A pillar of American Jewish identity since WWII has been rejection of the land where the genocide occurred. But what about our own need for reconciliation and a more affirmative Jewish identity? Schuette and other observers have noted that the identity of Israelis is less deeply tied to the Holocaust than that of American Jews.  I wrote a previous post about the need for American Jews to update their image of Germany (see Time for an Image Update).  Perhaps it’s time for an identity update as well.

Posted in Uncategorized | Tagged , , , , | 1 Comment

This is my journey…what’s yours?

My personal journey into German Jewish history and contemporary life became more public last week with my article in Tablet Magazine on neo-Nazi terror in Germany.  Here’s the link: http://www.tabletmag.com/life-and-religion/87460/descendants/  Many readers took issue with my commentary and dished up quite a few insults in their comments.  The magazine’s editors chose an ill-suited heading for the piece that made me appear like a country bumpkin from Montana who didn’t know there would be neo-Nazis in Germany.  Actually, I was born in New Jersey and spent most of my life in the Bay Area before moving to Montana in 1996.

Clearly, my German Jewish journey makes many people uncomfortable.  But doesn’t each of us have an odyssey that we must travel in life?  And on that journey don’t we have to step into dark places as well as those suffused with light?  This blog is a journal of the dark and the light places that we have encountered on our return to the land of our ancestors.

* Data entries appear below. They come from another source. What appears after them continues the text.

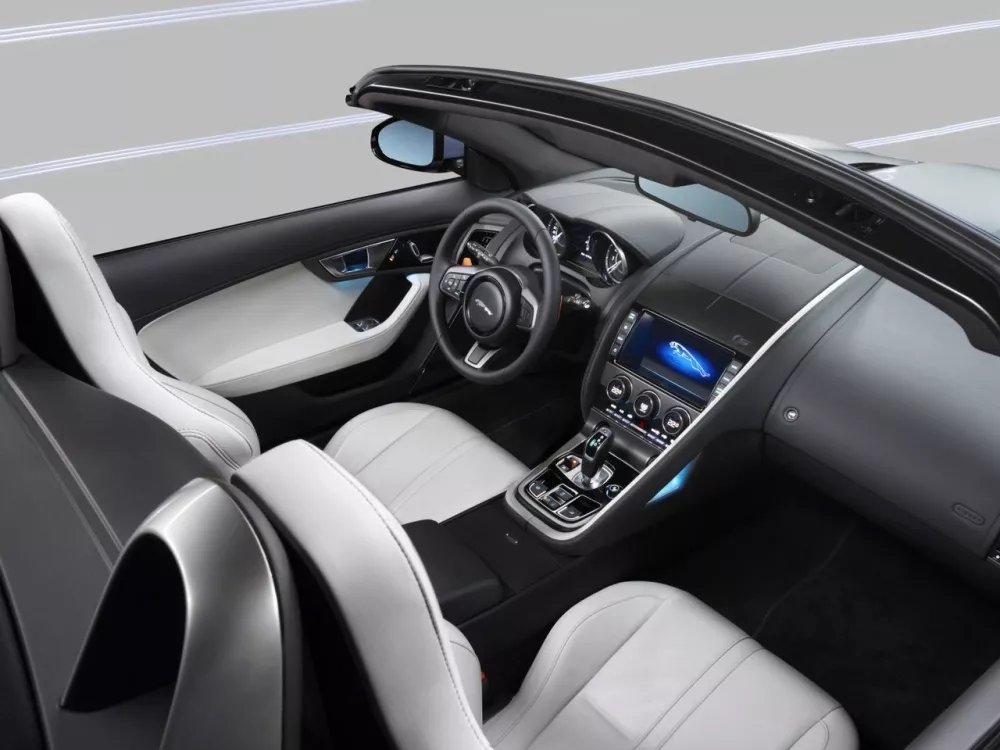 Автомобиль Jaguar F-Type I Родстер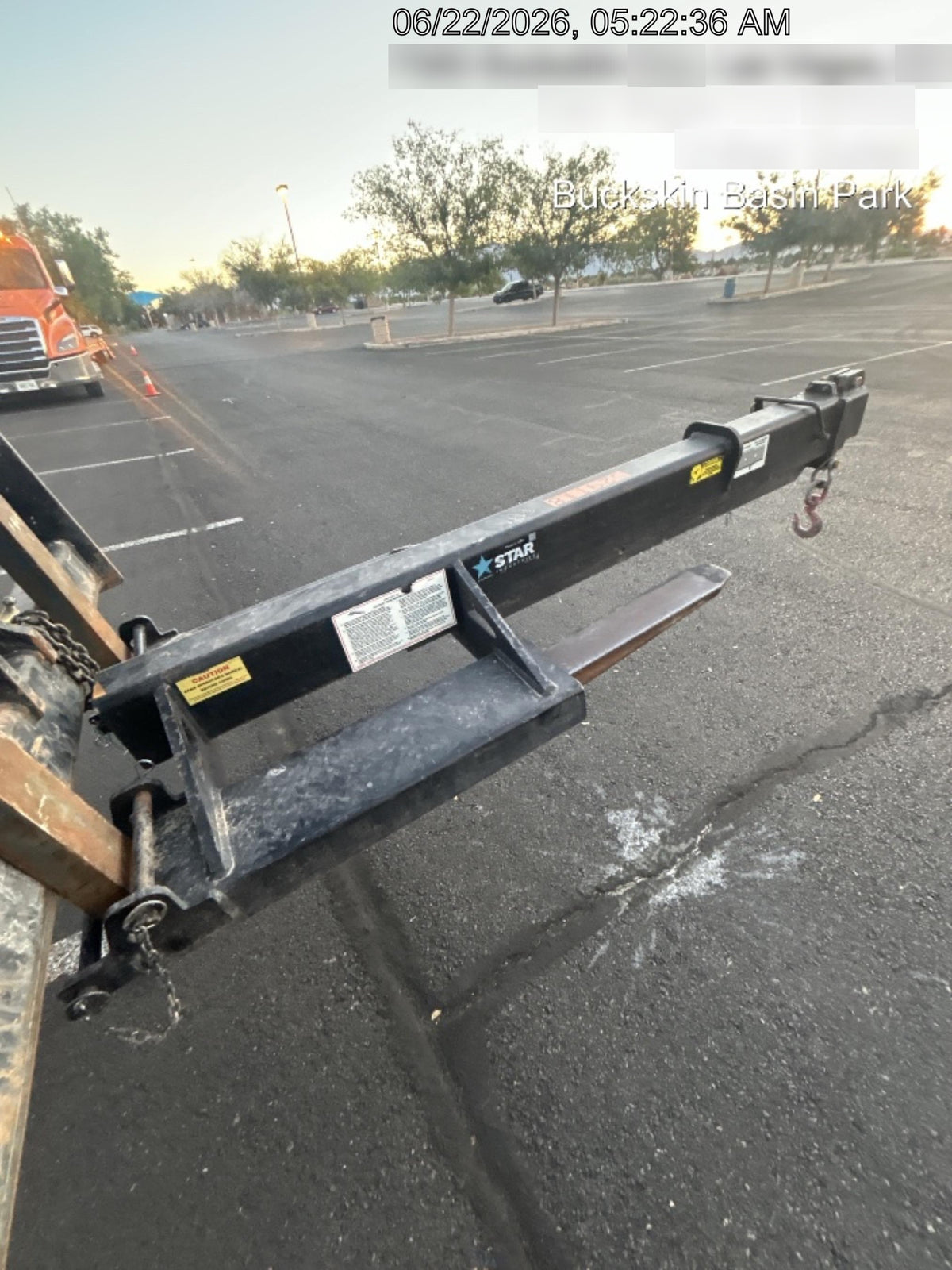 2025 STAR INDUSTRIES M1360B - Star JIB Boom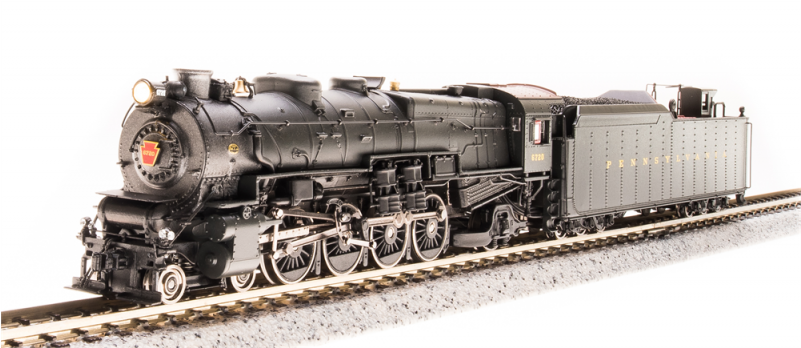 Broadway Limited 3072 Prr M1a 4 8 2, - Broadway Limited Prr M1 (800x800), Png Download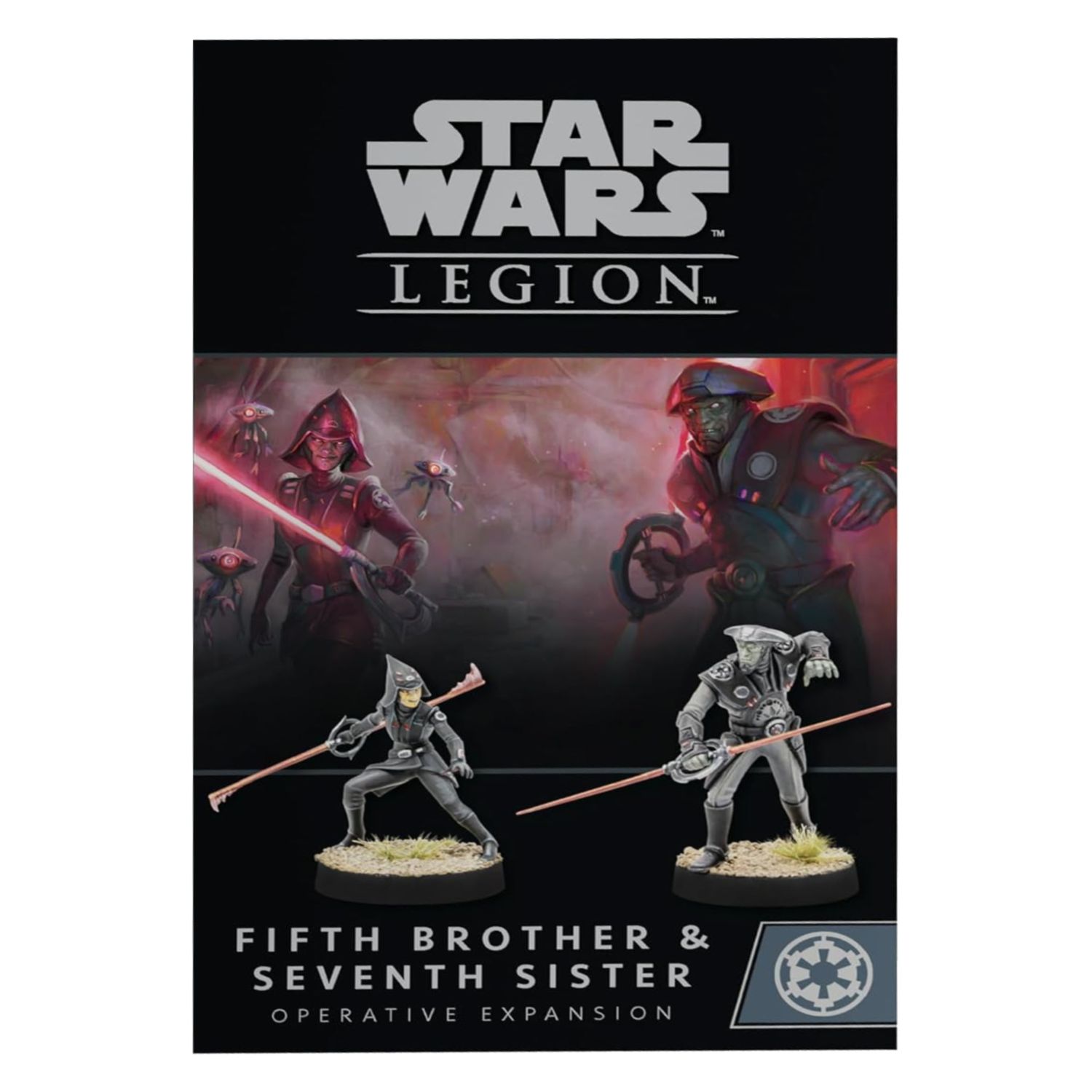 Star Wars: Legion - Fifth Brother and Seventh Sister Operative Expansion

Perhaps those who fear embarking on their own journeys are quicker to render judgment about the pursuits of others.  Steven, who posted one of the many comments on the article, said it best: “No Jew deserves shame for re-claiming something that was once theirs.”

American Jews still seem to struggle with the fact that German Jews are German as well as Jewish.  “Ha ha” said some commenters, “why don’t you go back home to Montana!”  But Germany is also a country that’s moved beyond stale debates over gay rights and “family values”, a country that offers equal access to health care and higher education.  My children are on their own personal odyssey, thriving on the chance to live in Europe, attend an international school, and learn German.  I actually do feel safe in Germany, but that does not lead me to dismiss the neo-Nazi terror that has taken place here.  Nor do I think the Zwickau terror cell, and the government’s failure to take timely action against it, can be compared to the white supremacy movements found in Montana and elsewhere.

I don’t see the U.S. or Germany in black and white terms; I try to see each country as it is, filled with promise and possibility as well as dangers that pose a threat to democracy.  As a citizen of both countries, I’m privileged to add my voice to those of others who call out when forces of hate lead us astray from a civil society.